Of course, if the Israelites, living under the cloud and the fire could be tempted to fall back into the ways of their Egyptian slavery, so we can be tempted to fall back into the way of our slavery to sin despite the Spirit’s presence in us. This is what Paul’s getting at in verses 15-17.
For you did not receive the spirit of slavery to fall back into fear, but you have received the Spirit of adoption as sons, by whom we cry, “Abba! Father!” The Spirit himself bears witness with our spirit that we are children of God, and if children, then heirs—heirs of God and fellow heirs with Christ, provided we suffer with him in order that we may also be glorified with him.

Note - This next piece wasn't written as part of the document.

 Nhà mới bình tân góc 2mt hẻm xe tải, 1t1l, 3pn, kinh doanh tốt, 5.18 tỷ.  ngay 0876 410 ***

We’ve been delivered form sin’s bondage by Jesus, but in the midst of the wilderness, the life of the Spirit is usually an uphill battle. People are hostile. The world thinks the good news is foolish. And what we face in terms of hostility is nothing compared to what many of our brothers and sisters face. It’s nothing compared to what the Roman Christians reading Paul’s letter would face in just a few years. None of this should come as a surprise, though. Jesus promised opposition and persecution. He called his disciples to follow him by taking up their own crosses. It’s easy to forget all this. It doesn’t help when there are so many teachers and preachers out there proclaiming a false gospel of worldly blessing and of health and wealth. They preach about Jesus, but pull the mask off and their Jesus is really just Mammon or Caesar or Aphrodite underneath. And yet people listen and the way is hard—we forget that the way from Egypt to Canaan lies through the desert and is hard and full of stones—and we grumble against God. We start to think that he isn’t making good on his promises. We think about giving up. But, Paul writes, we’ve been delivered from slavery and have become God’s adopted sons and daughters and we have an inheritance ahead of us with Jesus our Lord.

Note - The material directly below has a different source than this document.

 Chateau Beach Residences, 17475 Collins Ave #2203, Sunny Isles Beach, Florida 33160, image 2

Brothers and Sisters—and we can call each other that because we are God’s children by adoption—Paul’s point is that Israel’s vocation is now our vocation. If we are in Jesus the Messiah, we are God’s children. The indwelling Spirit is not only the evidence, but himself provides the proof. The evidence of the Spirit’s indwelling is that we recognise God as our Father. Back in 5:5, Paul wrote that the love of God has been poured into our hearts by the Spirit and now, because of that, we cry out to him from the wilderness, we cry out to him when the way is hard, we cry out to him in the midst of opposition and persecution and privation: Abba, Father! “Abba” is the word Jesus used in his prayers when he addressed his Father. It’s pretty common to hear that “Abba” is a sort of baby-talk, like “dada” or “papa”, but the evidence says otherwise. “Av” is Hebrew for Father, and “abba” as sort of a personal intensifier—not just any father, by my father. Adult children used it to address their fathers, not just little kids, and they also used to address respected teachers and rabbis. Interestingly, no one used it to address God, which is why there was such scandal around Jesus’ use of “abba” to address the Father. Most Jewish people would have considered it too familiar. But, then, that was Jesus’ whole point and it’s the point Paul makes here. If we have been united with Jesus, the Son, by God’s own Spirit, then we are God’s adopted children and we can approach him not just as Father, but as “Abba”—our own Father. It might help to think of the difference between “Father” and “Abba” as the difference between the old Israel gathered around the tabernacle where God’s presence was manifest in a place they could never go and the new Israel, also God’s sons and daughters, gathered together as we are today, with his presence actually in us.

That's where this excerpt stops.